***** SOURCE MATERIAL *****

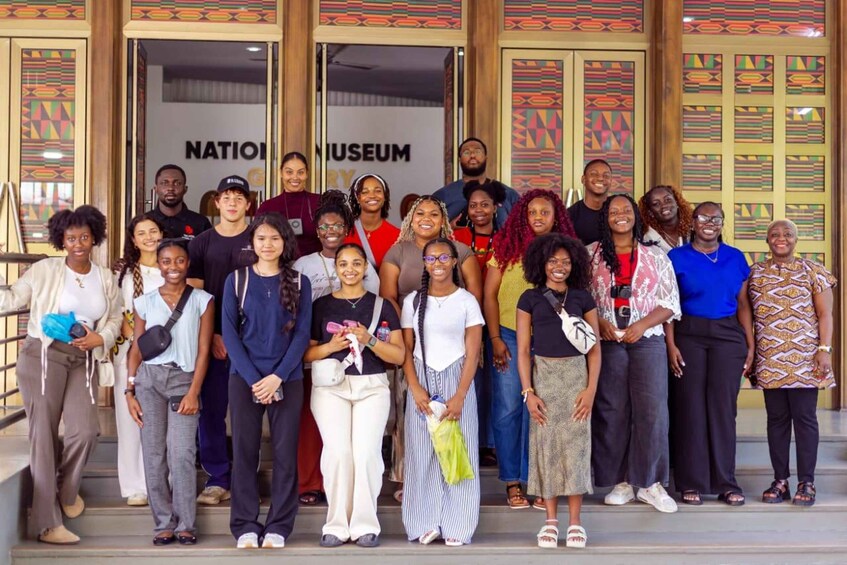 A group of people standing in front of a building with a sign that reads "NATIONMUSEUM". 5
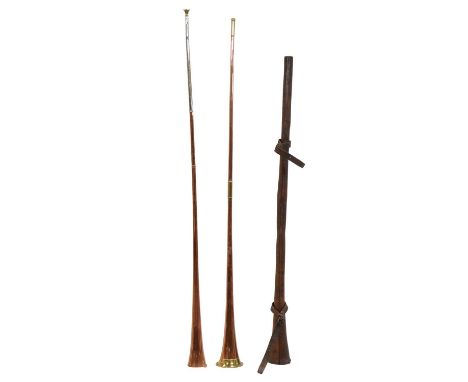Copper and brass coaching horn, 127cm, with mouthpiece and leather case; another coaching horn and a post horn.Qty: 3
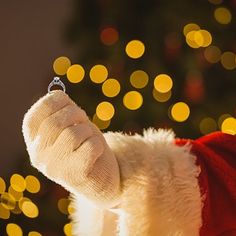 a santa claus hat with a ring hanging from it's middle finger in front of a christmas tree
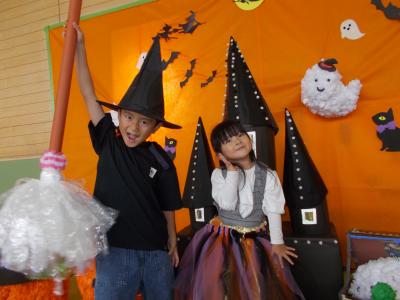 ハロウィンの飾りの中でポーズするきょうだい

*****

-- WORK REQUIRED --
Restate the data above word for word. Do not include the images.

-- ANSWER FOR THIS EXERCISE --
 A group of people standing in front of a building with a sign that reads "NATIONMUSEUM". 5
Copper and brass coaching horn, 127cm, with mouthpiece and leather case; another coaching horn and a post horn.Qty: 3
 a santa claus hat with a ring hanging from it's middle finger in front of a christmas tree
 ハロウィンの飾りの中でポーズするきょうだい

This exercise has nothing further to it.